(Beginning of Information supplied)
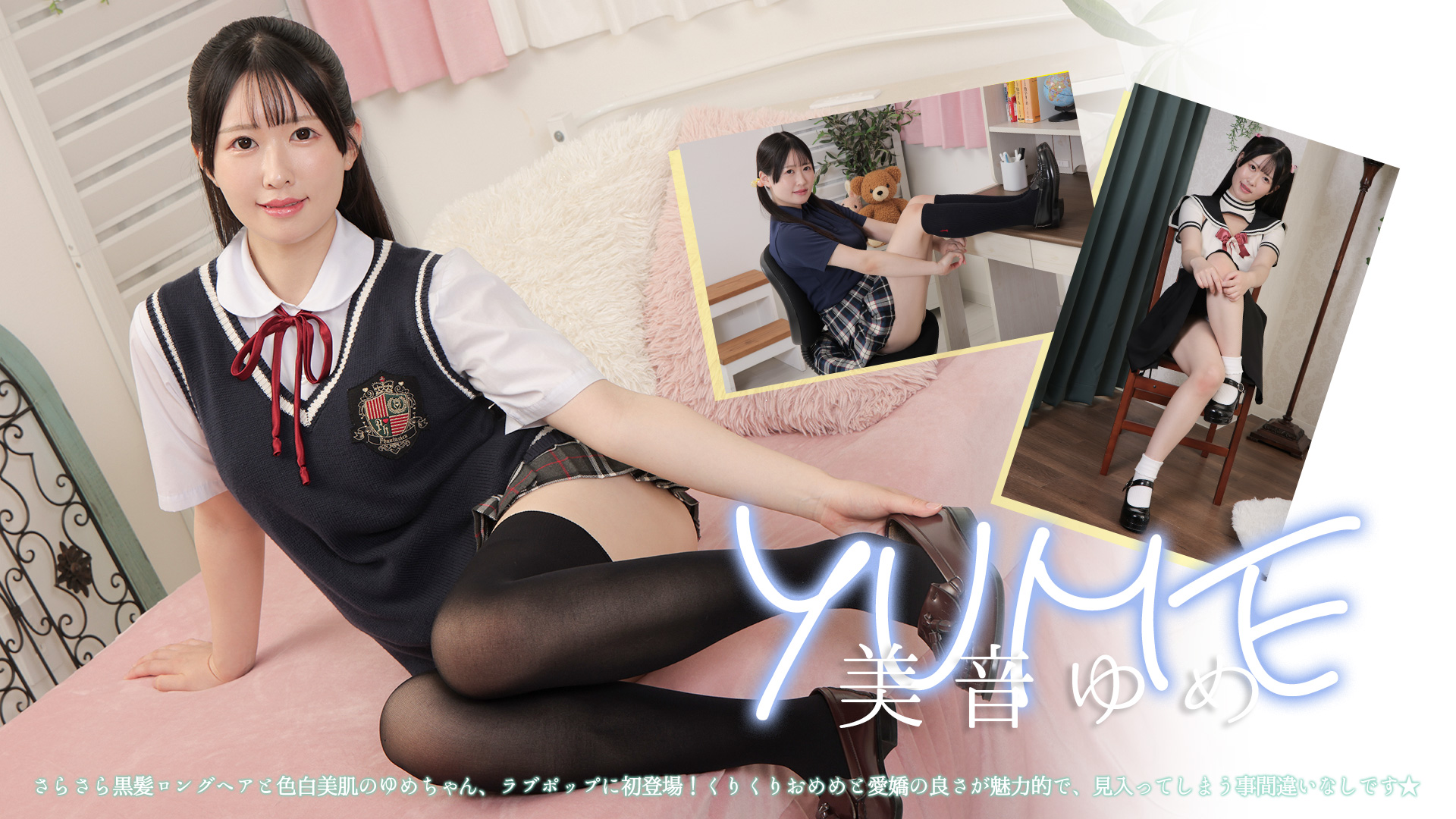美音ゆめ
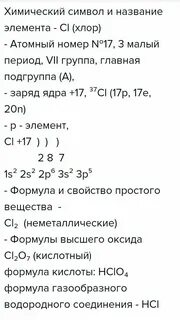 Дайте характеристику элемента хлор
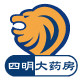 四明大药房旗舰店的LOGO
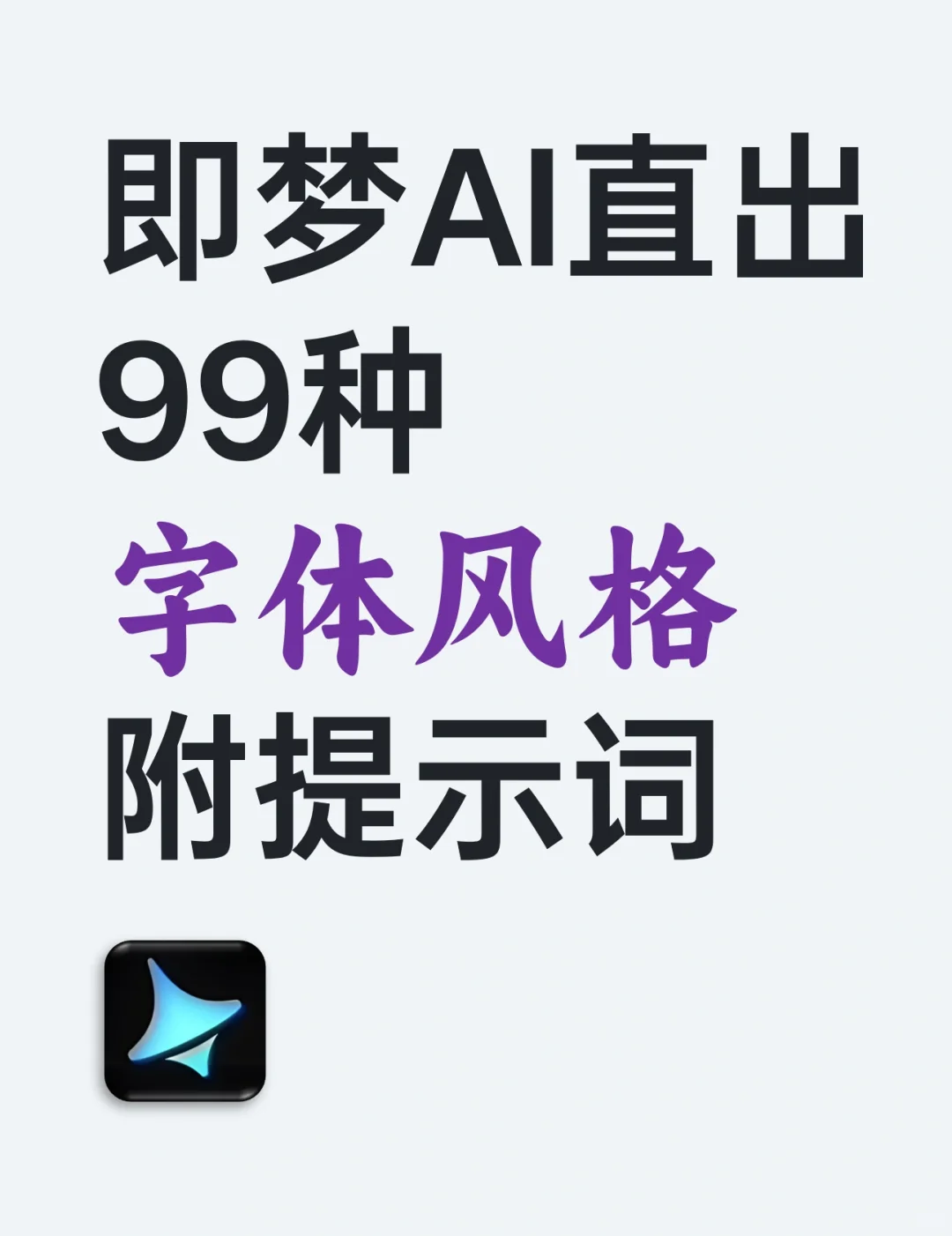 速存！即梦 AI 直出 99 种字体风格附提示词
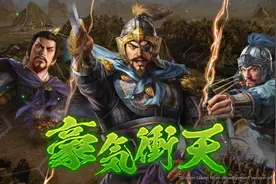 《三国志14》新剧本“吕布讨伐战”OP动画 5月28日上线图片
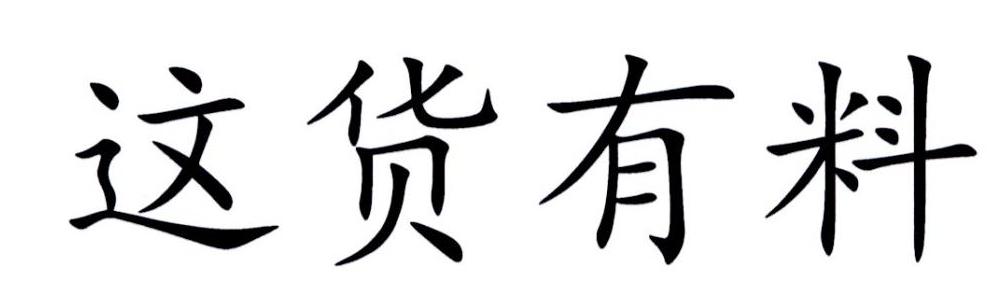 因格调不高，“这货有料”商标驳回复审失败了！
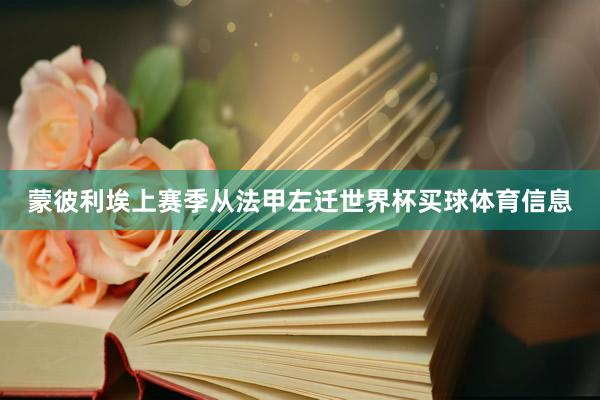 蒙彼利埃上赛季从法甲左迁世界杯买球体育信息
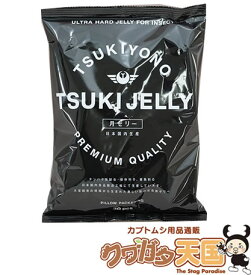 昆虫ゼリー　クワガタ・カブトムシ用のエサ　日本国内製造、タンパク質 配合、保存料0，着色料0、新しい形の昆虫ゼリー 月ゼリー18g×30個(昆虫ゼリー・虫ゼリー）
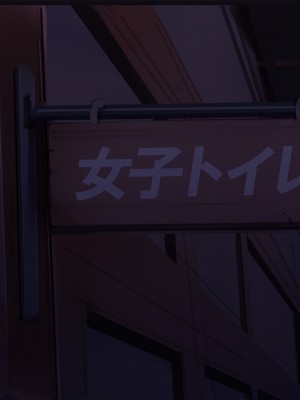 [サークル尾髭丹 (尾髭丹)] 夏どぴゅっ2〜いつでも排卵日着床200％女子たち〜_0937
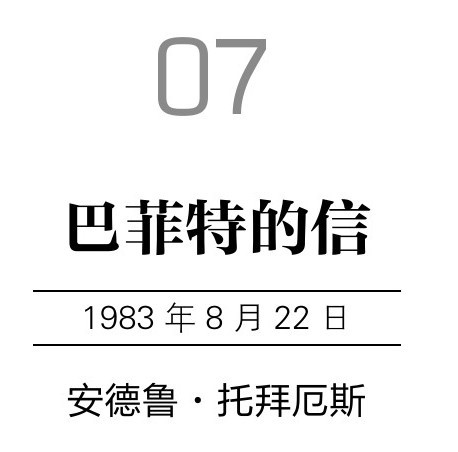 图片 | 第308页 | 价值投资必读系列 | xjpvictor的电子书库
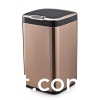 JAH sensor trash can with sanitizing 5
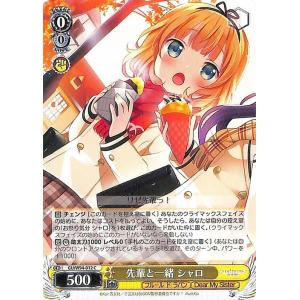ヴァイスシュヴァルツ 先輩と一緒 シャロ C ご注文はうさぎですか？ Re:Edit GU/W94 ...
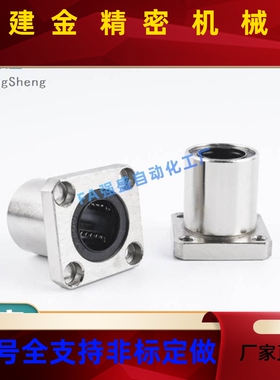 线替代直轴承 LE03/13//23-d6d8/d10/d12/d13/RDAd16/d20M/d25/d3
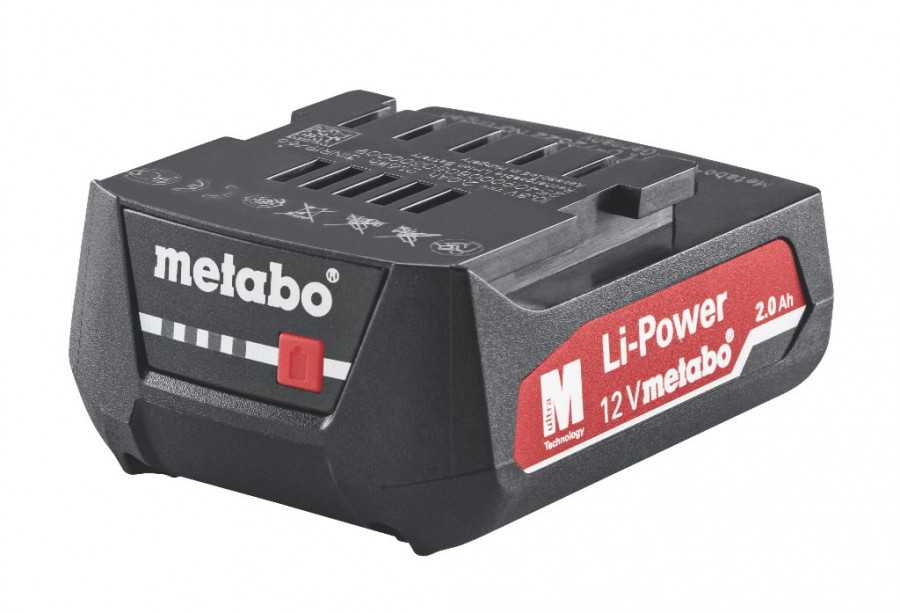 Metabo LiPOWER Battery Pack 12 V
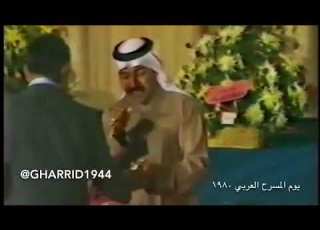 سلمولي غريد الشاطئ حفل المسرح العربي ١٩٨٠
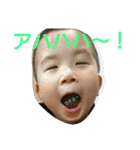 楽しい子！（個別スタンプ：7）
(End of Information supplied)
#### Task instructions
Repeat the lines above exactly, and keep every picture out.

#### Task response
美音ゆめ
 Дайте характеристику элемента хлор
 四明大药房旗舰店的LOGO
 速存！即梦 AI 直出 99 种字体风格附提示词
 《三国志14》新剧本“吕布讨伐战”OP动画 5月28日上线图片
 因格调不高，“这货有料”商标驳回复审失败了！
 蒙彼利埃上赛季从法甲左迁世界杯买球体育信息
 昆虫ゼリー　クワガタ・カブトムシ用のエサ　日本国内製造、タンパク質 配合、保存料0，着色料0、新しい形の昆虫ゼリー 月ゼリー18g×30個(昆虫ゼリー・虫ゼリー）
 [サークル尾髭丹 (尾髭丹)] 夏どぴゅっ2〜いつでも排卵日着床200％女子たち〜_0937
 图片 | 第308页 | 价值投资必读系列 | xjpvictor的电子书库
 JAH sensor trash can with sanitizing 5
ヴァイスシュヴァルツ 先輩と一緒 シャロ C ご注文はうさぎですか？ Re:Edit GU/W94 ...
 线替代直轴承 LE03/13//23-d6d8/d10/d12/d13/RDAd16/d20M/d25/d3
 Metabo LiPOWER Battery Pack 12 V
 سلمولي غريد الشاطئ حفل المسرح العربي ١٩٨٠
 楽しい子！（個別スタンプ：7）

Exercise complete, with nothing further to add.